Quand on est valorisateur, on comprend vite qu’il serait plus simple d’être plombier, avocat, comptable ou encore laveur de vitre ou même consultant (oui, même consultant !). Car lorsque le mot est prononcé, on a droit à un sourire dubitatif et à une moue serrée. Le tout entre le « j’aimerais bien savoir ce que c’est » et le « merde, j’ai pas posé une bonne question, il va m’expliquer, me raconter des trucs chiants et je vais devoir faire semblant d’avoir compris ». Même Word me crache ses ondelettes rouges quand j’utilise le terme !

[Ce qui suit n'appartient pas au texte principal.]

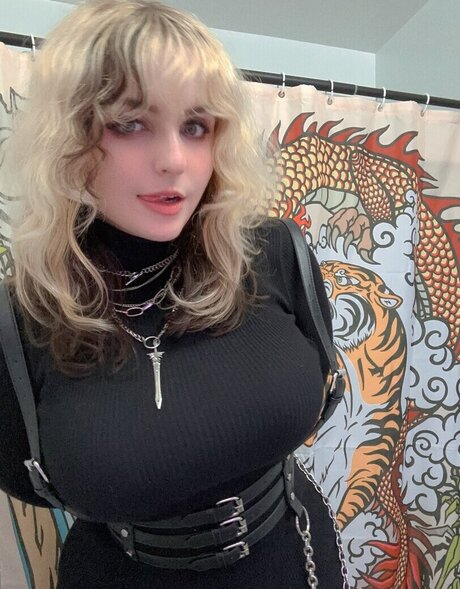 Aretteepls nude model images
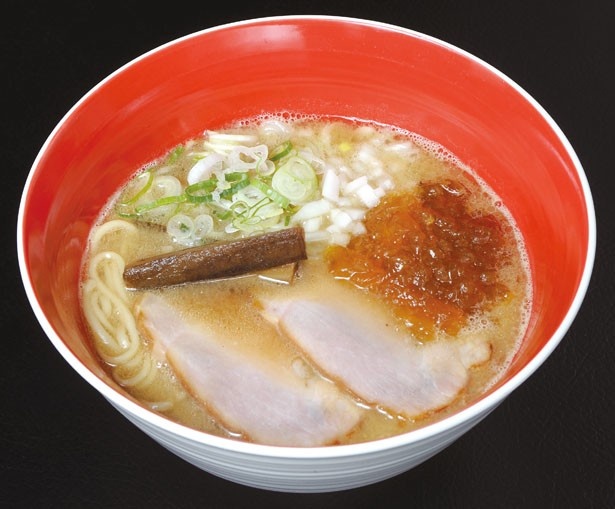MEN-EIJI HIRAGISHI BASEの魚介豚骨醤油（830円）。濃厚な口当たりのスープは、大量のゲンコツを煮詰めないよう火加減を調整して抽出したもの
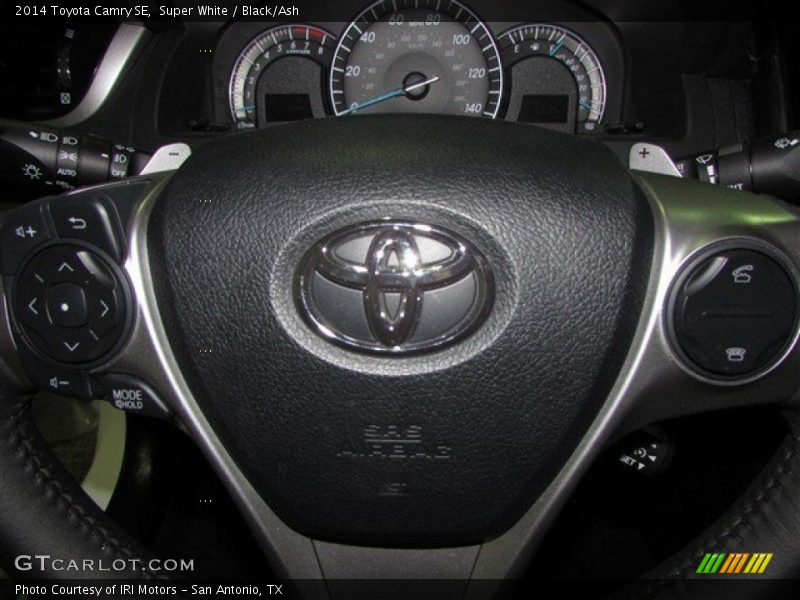 Super White / Black/Ash 2014 Toyota Camry SE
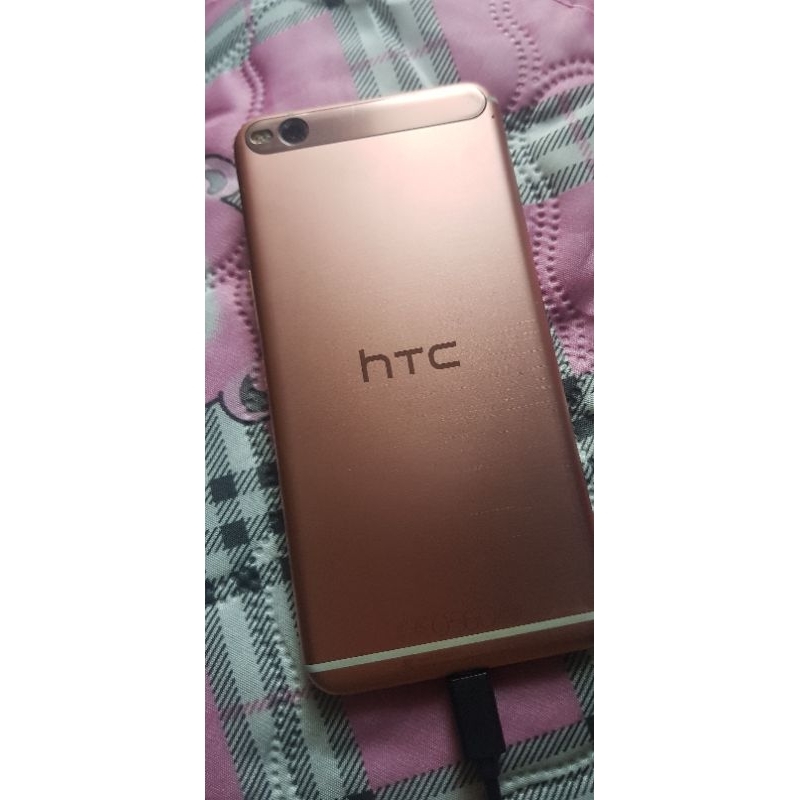 HTC ONE零件機 (電池膨脹，建議換新電池)螢幕兩處漏液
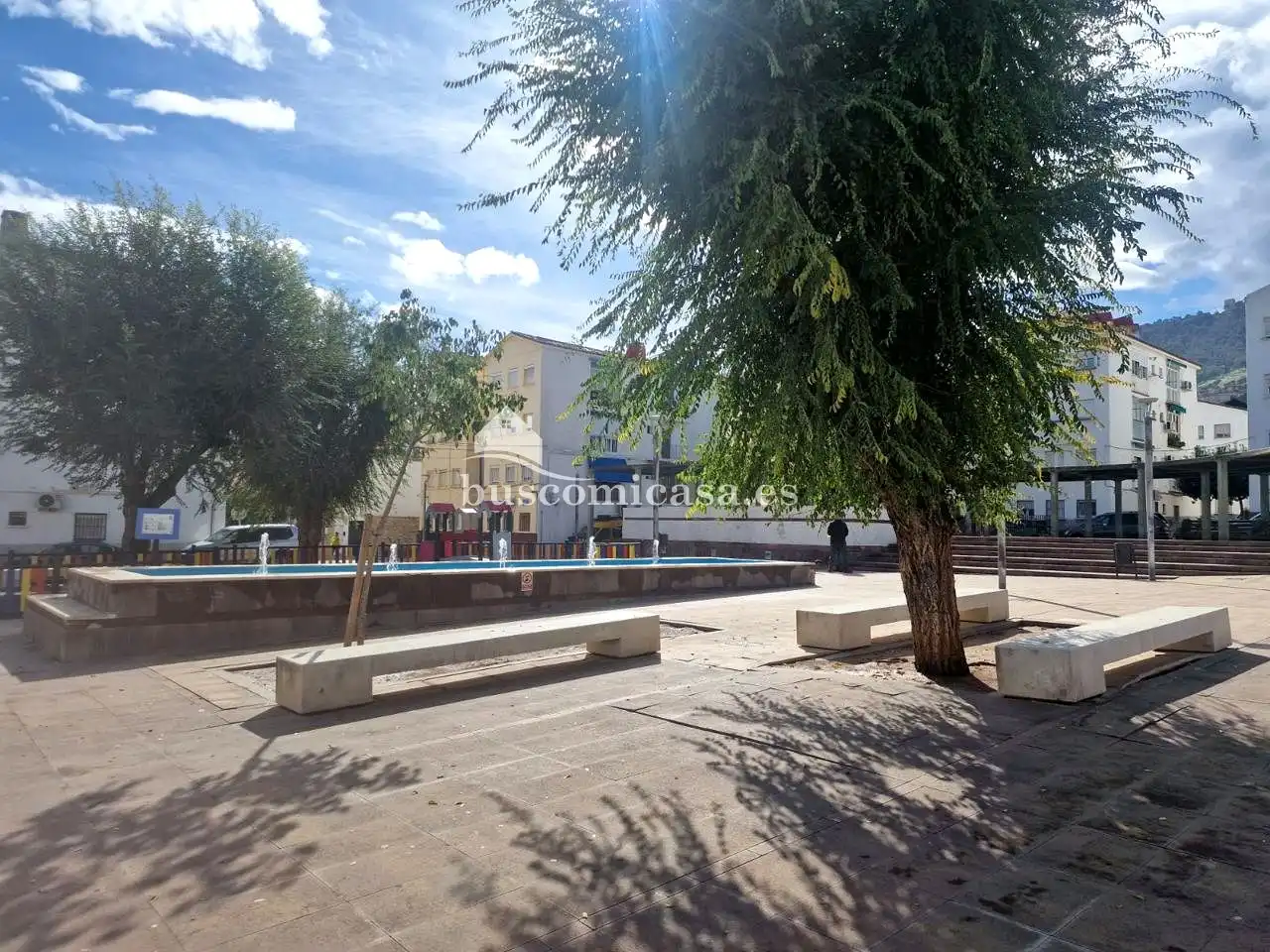 Vista exterior de Pis en venda en Jaén amb Balcó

Valorisateur, ce n’est pas un héro de Comic Books. « Super Valorisateur, vole au secours des brevets perdus et des scientifiques en déprime ! ». Non. Valorisateur, ce n’est pas non plus une insulte : « Va te faire *biiiip* sale valorisateur, va ! ». Valorisateur c’est un métier, un vrai, avec des horaires, et des trucs à faire et un salaire à la fin du mois.
Le valorisateur, il est l’interface (outch !) entre les chercheurs et les industriels, au sein d’une université. Il essaye de faire comprendre aux scientifiques qu’il vaut mieux dire « sel » que « magnésium sulfaté » et aux industriels que « chercher, c’est parfois aussi trouver ». Le valorisateur va voir des gens très importants à la Région Wallonne dont personne n’a jamais entendu parler. Mais le valorisateur, il va aussi à des colloques internationaux…
Un colloque international, c’est facile. Vous prenez un lieu pas trop pourri dans une grande ville (genre, le foyer culturel de Péruwelz, on oublie) et vous annoncez un an à l’avance l’immensité de l’évènement. Vous créez une page web où aucun programme n’est disponible, aucune adresse et aucun horaire et vous demandez 500eur par personne pour l’inscription. Facile !
Le jour J (éventuellement reporté 4 fois), vous placez plein de gens super bien habillés au milieu de tables rondes et hautes. Il faut dès lors boire du café ou du thé, prendre un petit Spéculoos et saluer les gens que vous croisez comme si vous les connaissiez de longue date en lâchant des « bonjour, ça va ? », « ca fait longtemps, hein ! », « quel plaisir de vous revoir ». Ensuite, on se rassemble dans des salles avec des vidéoprojecteurs et des PC portables. On appelle ça des ateliers (même si on n’y sculpte pas de bois). On écoute alors des gens parler de choses totalement inintéressantes qui utilisent des expressions comme « polysémie caractérielle », « ingénierie collaborative » ou « mutualisation des ressources ». Ils font des sourires et parfois, même, ils plissent les yeux et serrent le front comme pour mieux marquer la gravité de la situation. Dans la salle, les auditeurs se tiennent le menton en hochant la tête, aiguisant le célèbre et efficace : « ce n’est pas faux ! ».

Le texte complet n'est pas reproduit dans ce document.